In November 2018, Fannie Mae completed its first CAS offering under a new Real Estate Mortgage Investment Conduit (REMIC) structure. This new structure achieves insurance accounting treatment for CAS, which aligns the timing of the recognition of CAS benefits with credit losses. The structure also is designed to promote the continued growth of the market by expanding the potential investor base for these securities and limiting investor exposure to Fannie Mae counterparty risk, without disrupting the To-Be-Announced (TBA) MBS market. For a description of the CAS REMIC structure, see “Management’s Discussion and Analysis of Financial Condition and Results of Operations—Single-Family Business—Single-Family Credit Risk Transfer Transactions” in the company’s 2018 Form 10-K.
Fannie Mae continued to transfer a portion of the credit risk on multifamily mortgages, and nearly 100% of the company’s new multifamily business volume had lender risk-sharing primarily through the company’s Delegated Underwriting and Servicing (DUS®) model in 2018. To complement the company’s lender loss sharing program through DUS, Fannie Mae also transferred a portion of the mortgage credit risk on multifamily loans in its multifamily guaranty book of business to insurers or reinsurers through multifamily CIRT transactions. In 2018, the company completed its third and fourth multifamily CIRT transactions.
COMMON SECURITIZATION PLATFORM AND SINGLE SECURITY INITIATIVE
In pursuit of the strategic goals identified by Fannie Mae’s conservator, for the past several years the company has been working with FHFA, Freddie Mac, and Common Securitization Solutions (CSS) on the development of a common securitization platform that Fannie Mae expects to use to perform certain aspects of the securitization process beginning in 2019. The company has also been working toward developing and implementing a single-family uniform mortgage-backed security (UMBS) for Fannie Mae and Freddie Mac.
The intended purpose of the common securitization platform, which is operated by CSS, is to replace certain elements of Fannie Mae’s and Freddie Mac’s proprietary systems for securitizing mortgages and performing associated back office and administrative functions. In addition, FHFA specified that the design of the common securitization platform should allow for the integration of additional market participants in the future.

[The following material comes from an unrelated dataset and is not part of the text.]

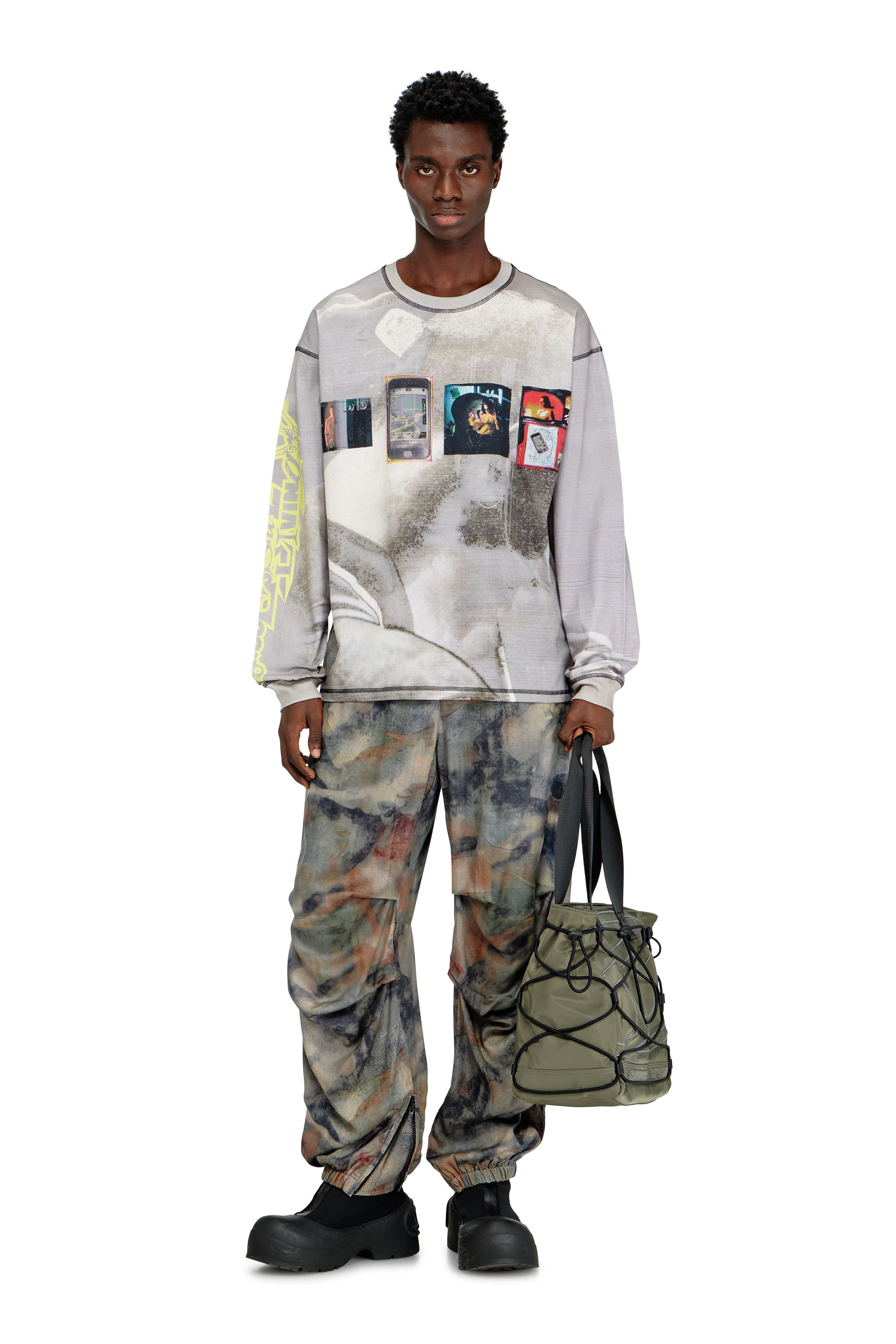 Diesel - T-BOXT-LS-V3, Herren Lang&auml;rmliges T-Shirt mit Allover-Print und Aufn&auml;hern in Grau - 1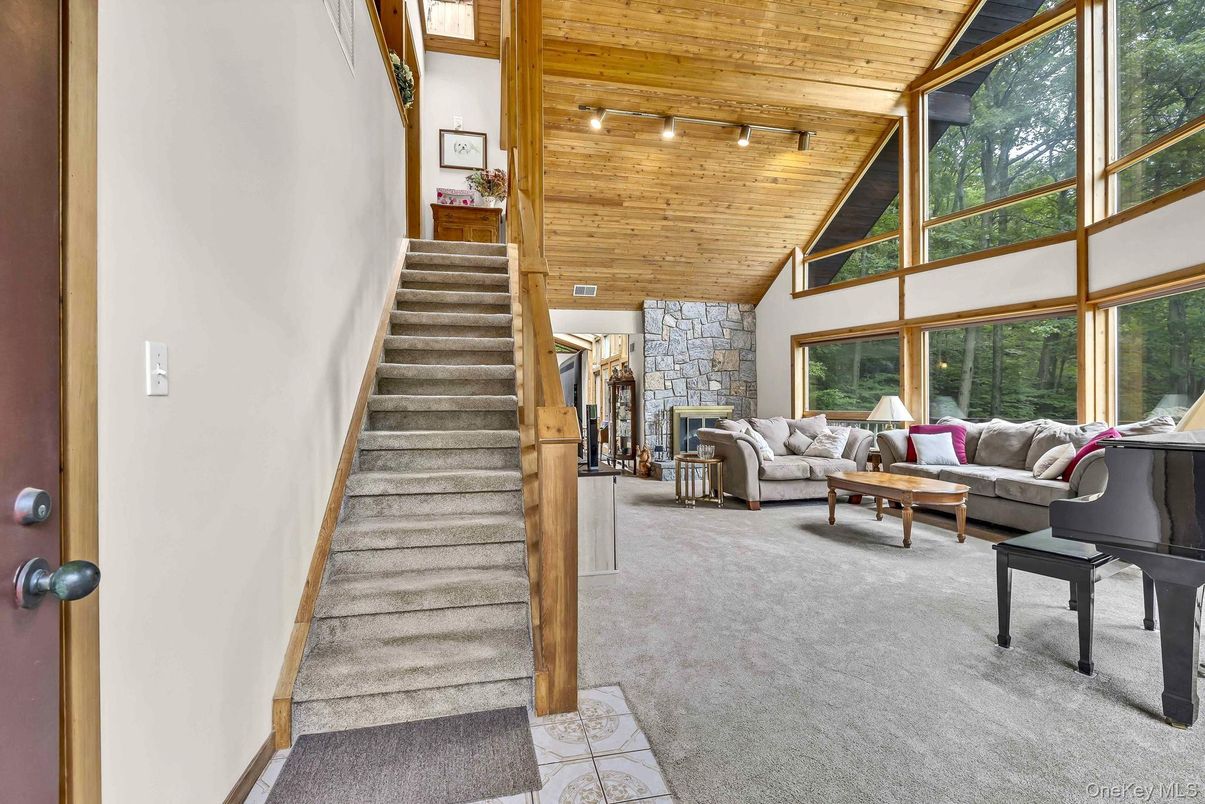 Interior, Living room, Piano, Stone Walls, Wooden Ceilings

The UMBS is intended to maximize liquidity for both Fannie Mae and Freddie Mac mortgage-backed securities in the TBA market. In March 2018, FHFA announced that Fannie Mae and Freddie Mac will start issuing these UMBS in June 2019.
Once UMBS are issued, lender customers, securities dealers, and other investors will be able to swap UMBS issued by either Fannie Mae or Freddie Mac for a new form of structured security issued and guaranteed by Fannie Mae that combines collateral and provides Fannie Mae’s guaranty of principal and interest on the underlying UMBS, even if that UMBS was not issued by Fannie Mae. The company expects that once it begins issuing UMBS, the vast majority of its single-family MBS will be issued as UMBS.
Historically, Fannie Mae MBS had a trading advantage over comparable Freddie Mac PCs. One of FHFA’s stated objectives for the Single Security Initiative is to reduce the costs to Freddie Mac and taxpayers that result from differences in liquidity of Fannie Mae MBS and Freddie Mac PCs. In the last couple of years, as the implementation date of the Single Security Initiative has drawn closer, Fannie Mae MBS and comparable Freddie Mac PCs have been trading at or near parity. See “Risk Factors” in the company’s 2018 Form 10-K for a discussion of the risks to our business associated with the Single Security Initiative.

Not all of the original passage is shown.